If you think you will have $75,000 to burn this Spring, Chevrolet will be more than happy to put a new Camaro Z/28 in your garage. That MSRP has a still-unspecified-gas-guzzler tax and a destination charge of $995, but what you get is a domestic racecar for the road to go up against the likes of Lamborghini Murcielago LP640’s and the Porsche 911 Carrera S. Press materials from GM already indicate that the Z/28 is quicker around the Nürburgring than bluebloods from the German and Italian manufacturers.
Powered by a 7.0liter LS7 V8, you can expect 505 horsepower and 481 pound-feet of torque. While that is 75 horsepower less than the most-powerful Camaro trim level, the ZL1’s 6.2L LSA, the LS7 at the heart of the Z/28 is natural aspirated. Small Block chief engineer and program manager, Jordan Lee has this to say:
“The LS7 is ideal for road racing because it delivers amazing performance in a compact, lightweight package. The broad torque curve and high redline of the LS7 mean fewer shifts are required for each lap, while the lightweight design improves the front-to-rear weight balance for better handling.”
To further prove it is truly an enthusiast’s car, Chevrolet is not offering a slush box automatic as an option. You will be shifting at 7,000RPM six times and a limited slip differential, standard equipment on the Z/28, will keep all that power on the road.
While the chief rival, the Ford Mustang Boss 302, loses the back seat, Chevy has opted to keep the Z/28 as a 2+2.
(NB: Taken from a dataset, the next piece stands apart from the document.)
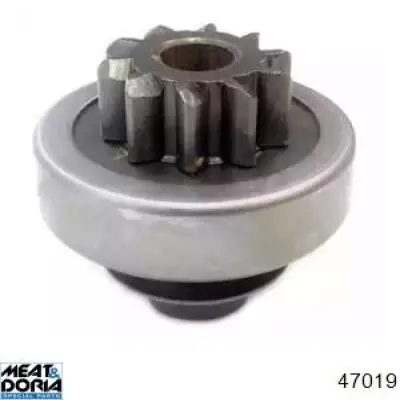 47019 Meat&Doria Bendix motor de arranque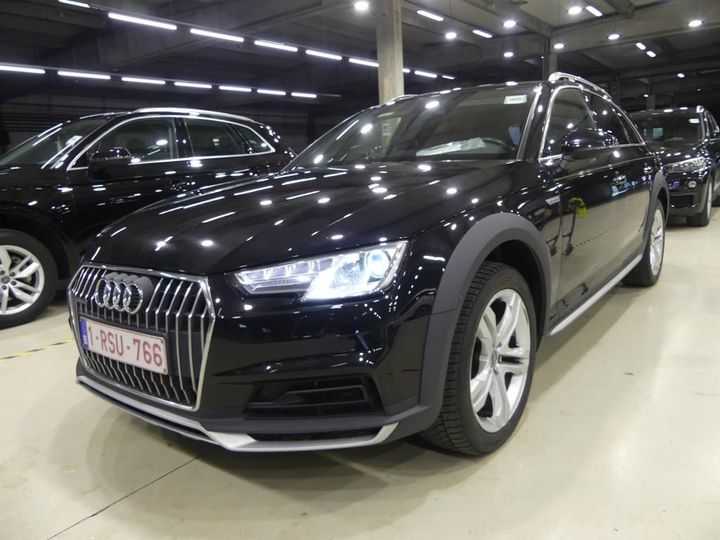 Audi A4 allroad (2017)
“We felt it was important to keep the 2+2 configuration of the Camaro Z/28 as Chevrolet already has a world-class two-seat sports car in the Corvette,” Camaro chief engineer Al Oppenheiser said. “By modifying the construction of the rear seat, we were able to reduce the overall weight of the Z/28 while still preserving the flexibility of 2+2 seating.”
GM.com reports that by removing the seat-back pass through and using high-density foam in place of the rigid structure of the seat back, nine pounds were saved. The front seats are aggressively bolstered Recaro’s found on the coupe versions of the SS and ZL1 Camaro’s. To save more weight, old fashioned GM went with old fashioned manual seat adjustment.
One option that is not standard for the high price tag is the six-speaker stereo and air conditioning. Expect an added cost of $1,150 if you opt for it.